Thursday, December 18, 2014

Kafka network utilization (in vs. out)

One thing that was confusing me as I looked into the metrics in my Kafka performance testing (as shown in any of the graphs in my previous blog post) was the approximately 2x factor of input network bytes vs. output network bytes. Given I was doing replication, shouldn't the number of bytes be the same since I have to exactly replicate the messages to a following broker?

Let's assume one producer sending at 300MB/sec and three brokers with a replication factor of two and three partitions and no consumers for a simple example.

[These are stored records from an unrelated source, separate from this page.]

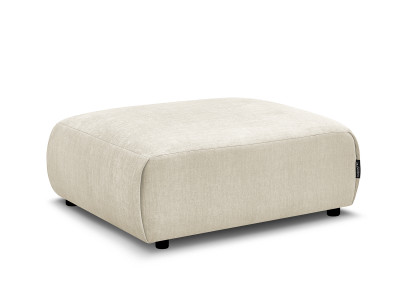 Pouf grand JANA tissu velours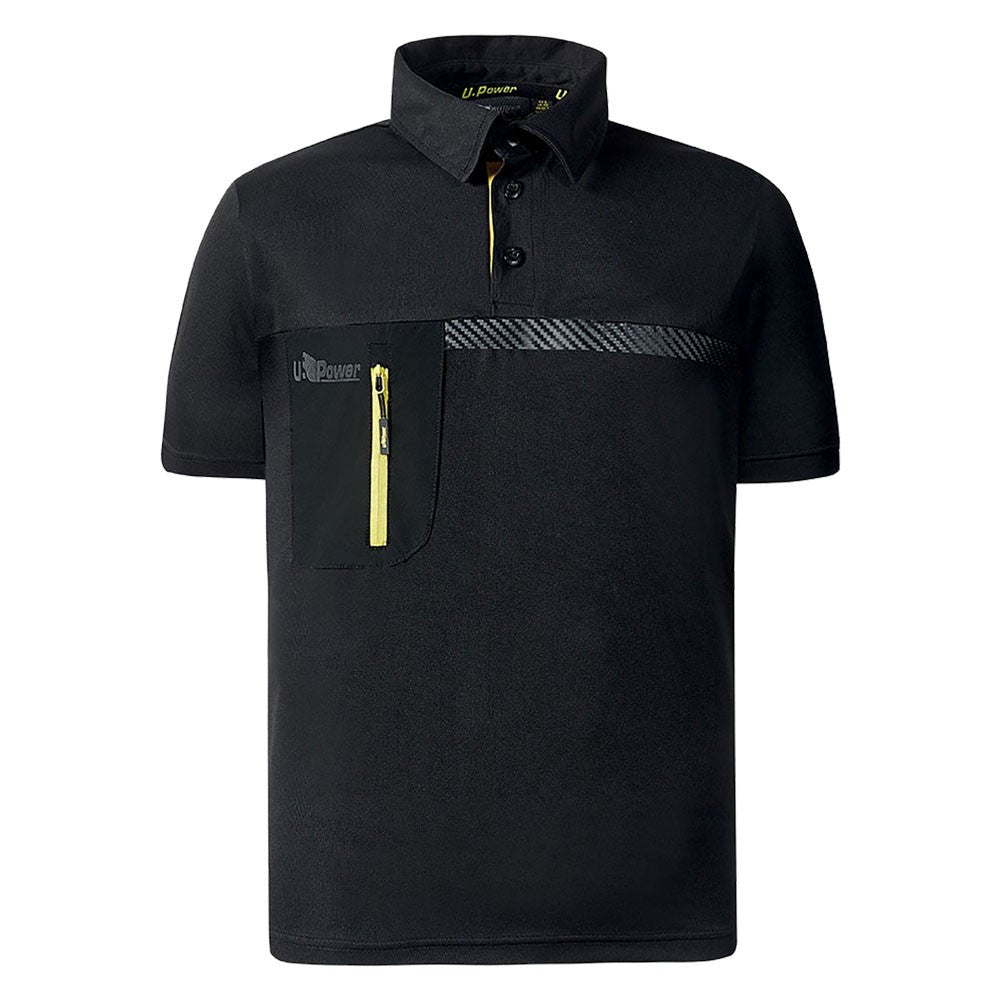 POLO 'LIBRA' taglia M - black carbon
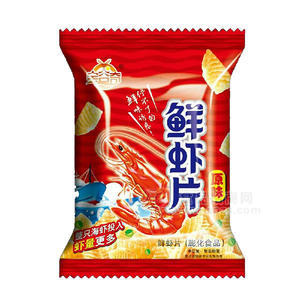 宝谷奇鲜虾片膨化食品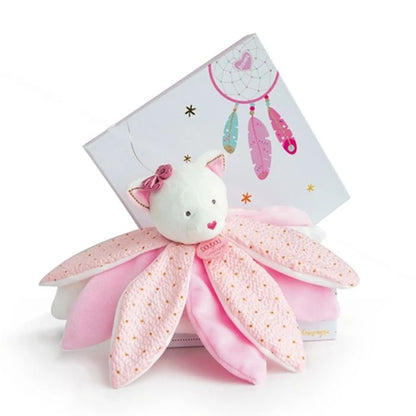 Doudou attrape rêves chat doudou fleur 26cm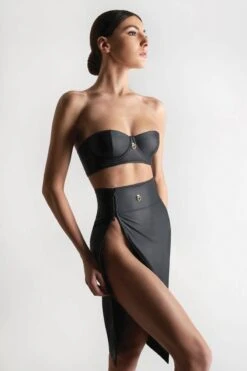 Maison Close - Chambre Noire Bustier Bra - Wetlook Black -Exquisites Dessous-Geschäft MAISON CLOSE CHAMBRE NOIR BUSTIER SCHWARZ 4 1280x1280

A single brokers (bid = 0) receives 100 MB/sec from the producer (eth0 in) for a partition (say pid = 0) as it is the leader for one of the partitions.

The single broker turns around and sends (eth0 out) 100 MB/sec to the broker who is the in sync replica (say bid = 1) for all of that traffic.  To be accurate, it is actually the in sync replica (bid = 1) that pulls.

Next is what I was missing in quick thinking about this problem ...

The single broker (bid = 0) also gets sent (actually pulls), 100 MB/sec from another broker's (say bid = 2) partition (say pid = 2) to which it is not the leader, but an in sync replica.

This means the traffic load for this broker is:
  • producer to broker (bid = 0) for partition (pid = 0)
    • eth0 in = 100 MB/sec
  • broker (bid = 0) for partition (pid = 0) to in sync replica broker (bid = 1)
    • eth0 out = 100 MB/sec
  • broker (bid = 2) for partition (pid = 2) to in sync replica broker (bid = 0)
    • eth0 in = 100 MB/sec
  • total:
    • eth0 in = 200 MB/sec
    • eth0 out = 100 MB/sec
Notice I originally said no consumers.  If I added consumers they would start to add to the eth0 out figure and possibly balance the in vs. out, but only if they were consuming at the same rate as the producers.  If there were more consumers than producers, the consumers could easily overrun the input rate which would be common for streams that were heavily fanned out to different consumer groups.

Now, let's consider what happens when we make the configuration more interesting.  Specifically, we'd want to consider a larger number of brokers and a larger number of partitions and a larger replication factor.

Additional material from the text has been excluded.